10-22-2013, 05:09 PM #1
Event ID 129: Reset to device, \Device\RaidPort1, MegaSAS (RAID 84016E)
For a couple of weeks now, I've been chasing some PCIe resets that are sent to my LSI 84016E RAID controller that I cannot seem to solve. For several weeks, the SAN performed great, and then began having regular and erratic Event 129 Reset to Device errors.
Anytime that the RAID is under load of any kind (it serves media for my XBMC HTPCs in the house, among other things), drive activity to the RAID volume will lock up for 60 seconds, and then resume, seemingly randomly. It's only current function is to serve media files out to HTPCs around the house via Windows File Sharing, however, prior to this, it was serving as a iSCSI mount for VMWare ESXi nodes. Total free space is around 40%.
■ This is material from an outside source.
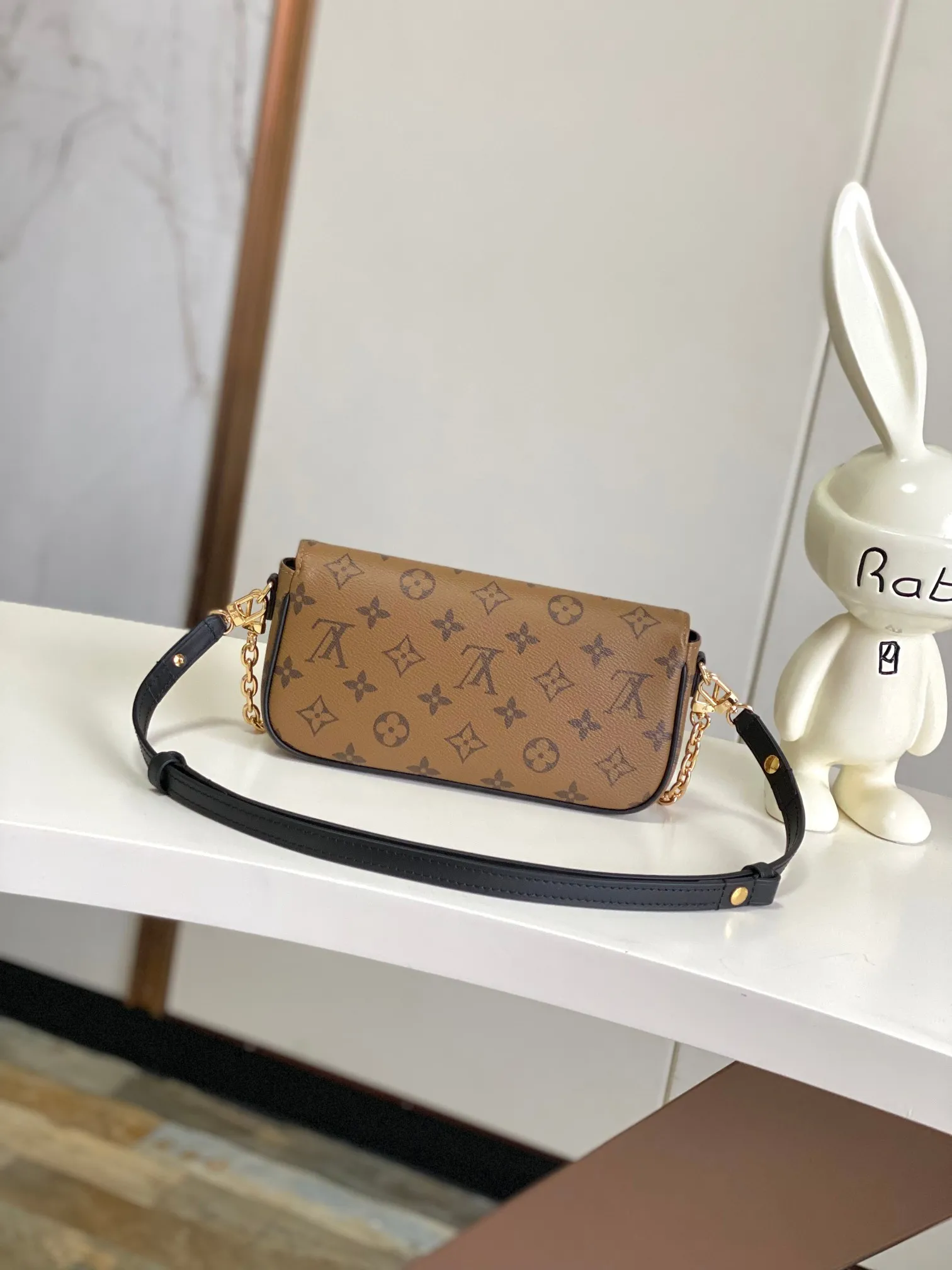 💰640 Top Original Single Dynamic Chip Version] M26587 Yellow Flower M81911 Wallet On Chain Ivy handbag is made of Monogram canvas, inspired by the Sac Recoleta handbag of the 2000s. The card compartment and zippered inner pocket can accommodate daily needs, and the chain and adjustable leather shoulder strap are detachable, allowing for long and short shoulder and cross-body wear options. Dimensions: 23.5 x 12 x 4.3 cm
The event log always shows an Event ID 129 with the message "Reset to device, \Device\RaidPort1, was issued" with the provider as megasas. The RAID card logs show NO ERRORS when this happens.
This is a custom built SAN with the following specs:
CPU: FX-6100 Motherboard: ASUS M5A97 (current) MSI 970A-G43 (prior) RAM: 32GB DDR3-1600 RAID Card: LSI 84016E in PCIex16 slot Power Supply: Corsair Professional Series HX 750 OS Drive: 128GB Crucial M4 SSD RAID Drives: 16 x 2TB Hitachi Ultrastar (14 drives in RAID6, 2 drives in RAID1) OS: Win7 Ultimate (current) Server2008R2 (prior)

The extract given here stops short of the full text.